**Data excerpts:**
....................

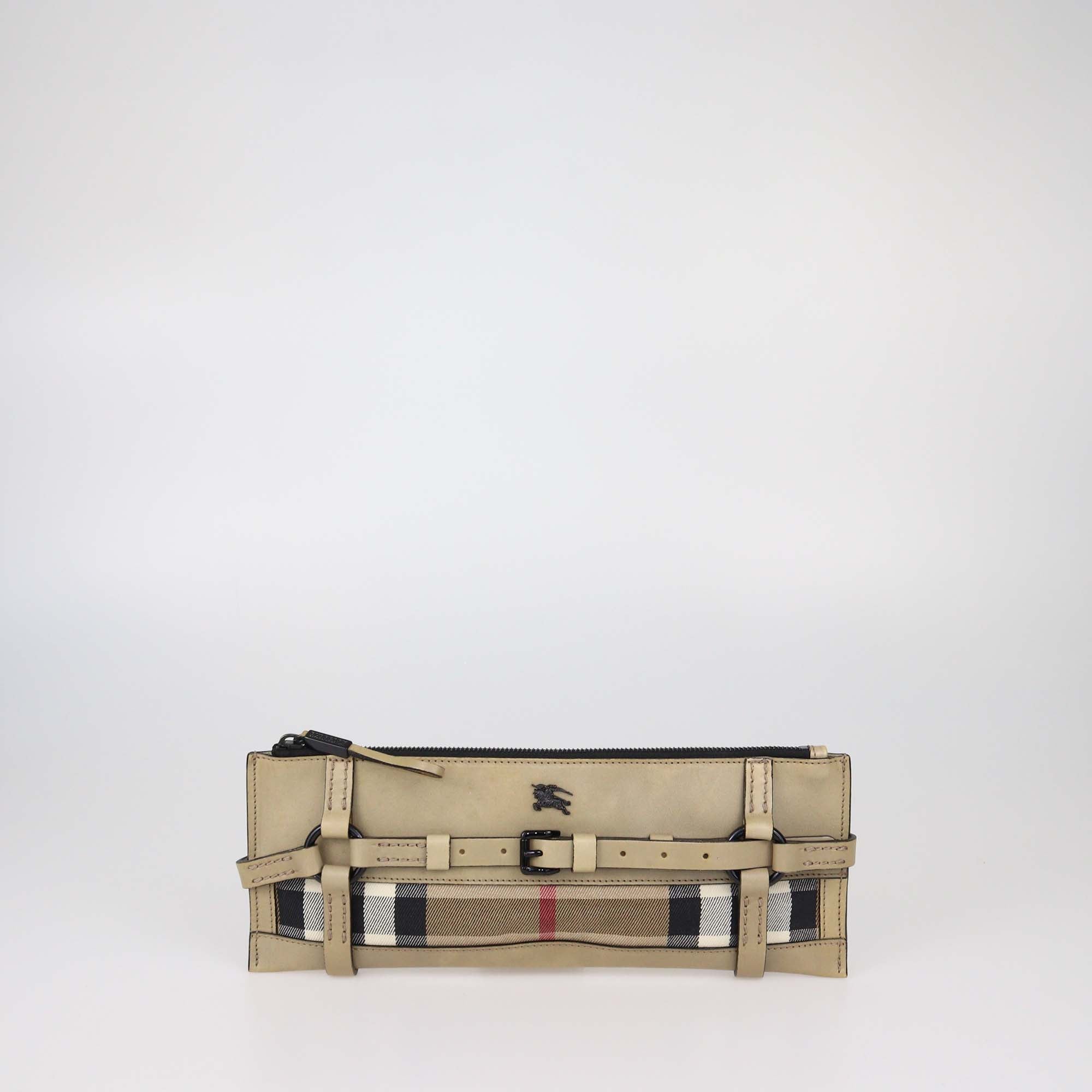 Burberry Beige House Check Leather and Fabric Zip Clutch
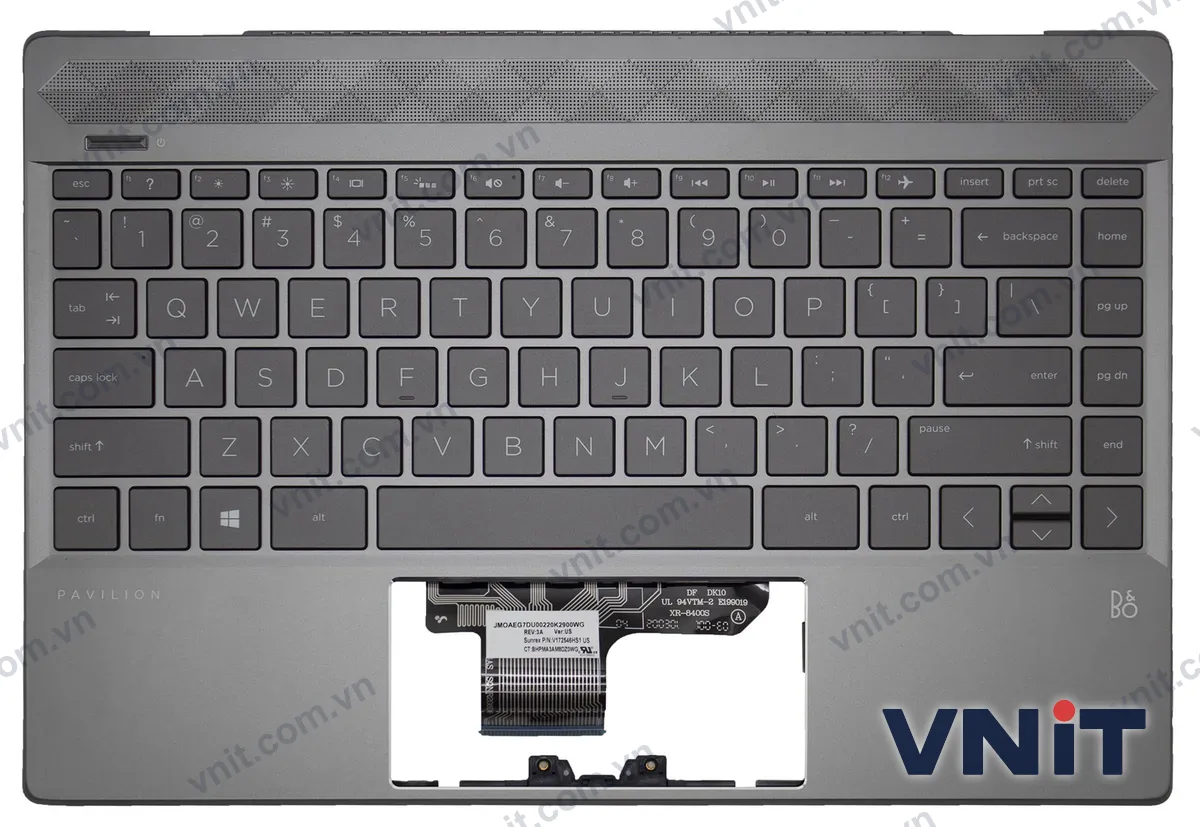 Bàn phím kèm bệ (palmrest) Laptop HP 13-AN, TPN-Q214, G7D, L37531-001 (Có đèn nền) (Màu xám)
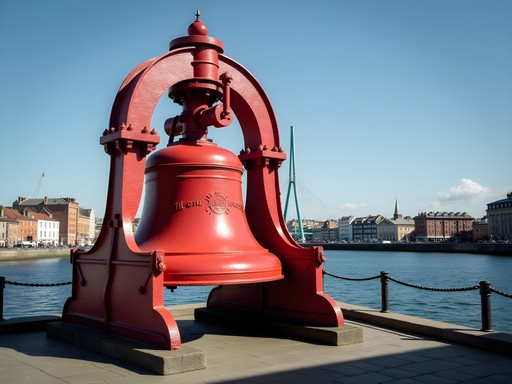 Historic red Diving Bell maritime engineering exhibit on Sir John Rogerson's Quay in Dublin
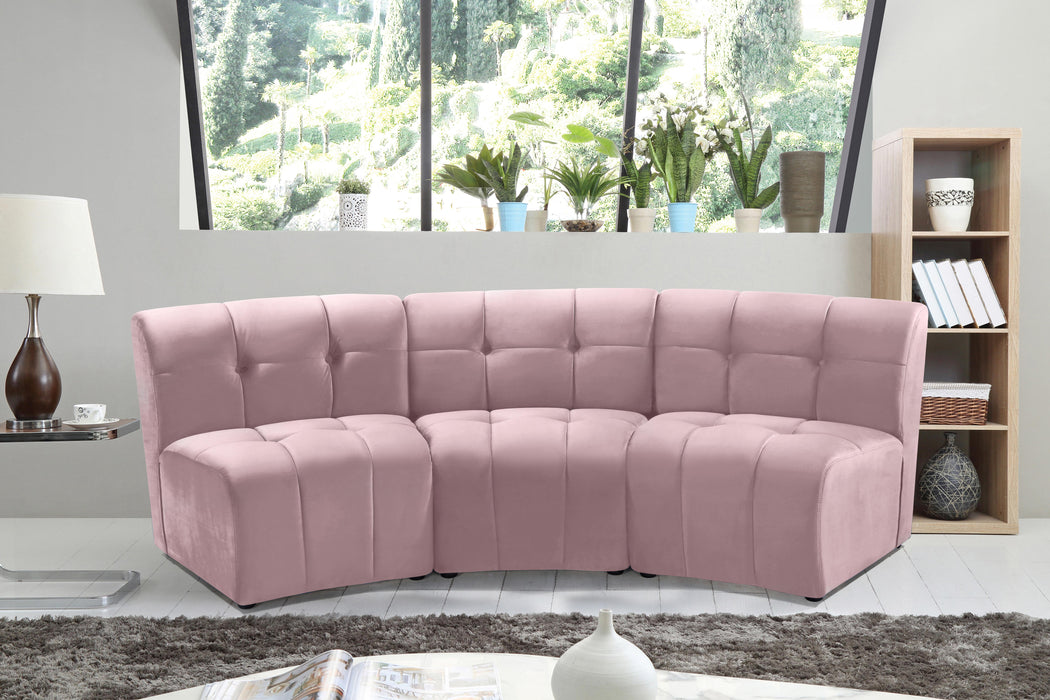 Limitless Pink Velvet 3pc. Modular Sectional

....................

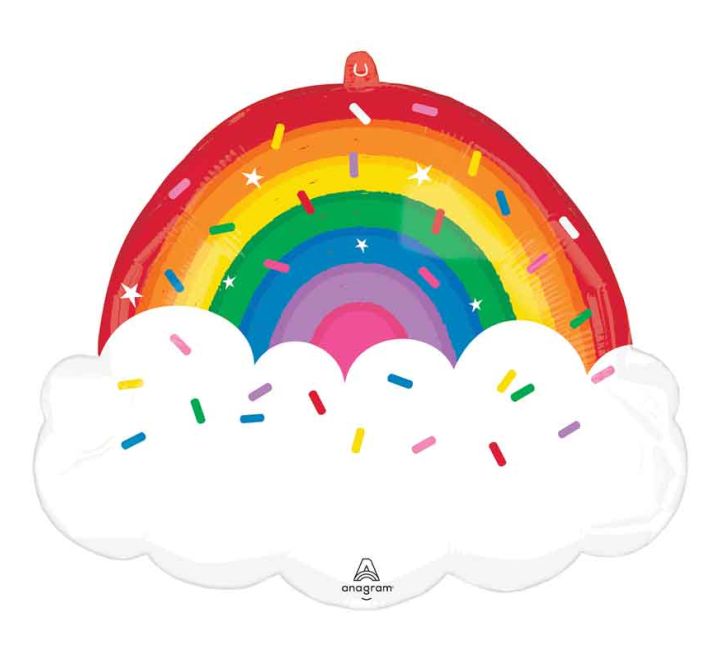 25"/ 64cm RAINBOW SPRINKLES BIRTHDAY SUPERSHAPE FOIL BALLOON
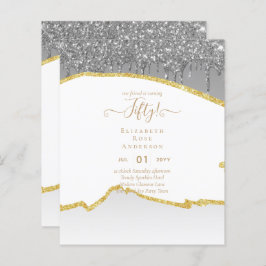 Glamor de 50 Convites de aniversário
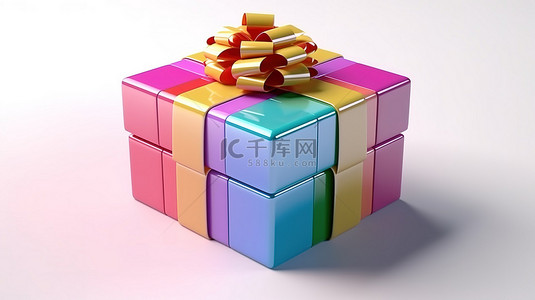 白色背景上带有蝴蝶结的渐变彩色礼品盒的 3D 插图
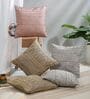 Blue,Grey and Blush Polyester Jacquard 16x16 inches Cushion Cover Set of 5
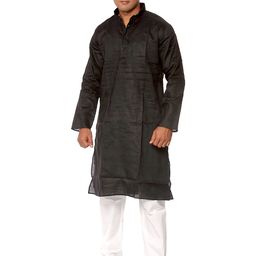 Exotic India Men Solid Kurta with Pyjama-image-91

....................

**Aim of the task:** Would you transcribe the lines above exactly, going from the line bearing "白色背景上带有蝴蝶结的渐变彩色礼品盒的 3D 插图" through the line bearing "Exotic India Men", and drop the pictures from the copy?

**Solution for this exercise:**
 白色背景上带有蝴蝶结的渐变彩色礼品盒的 3D 插图
 Blue,Grey and Blush Polyester Jacquard 16x16 inches Cushion Cover Set of 5
 Exotic India Men Solid Kurta with Pyjama-image-91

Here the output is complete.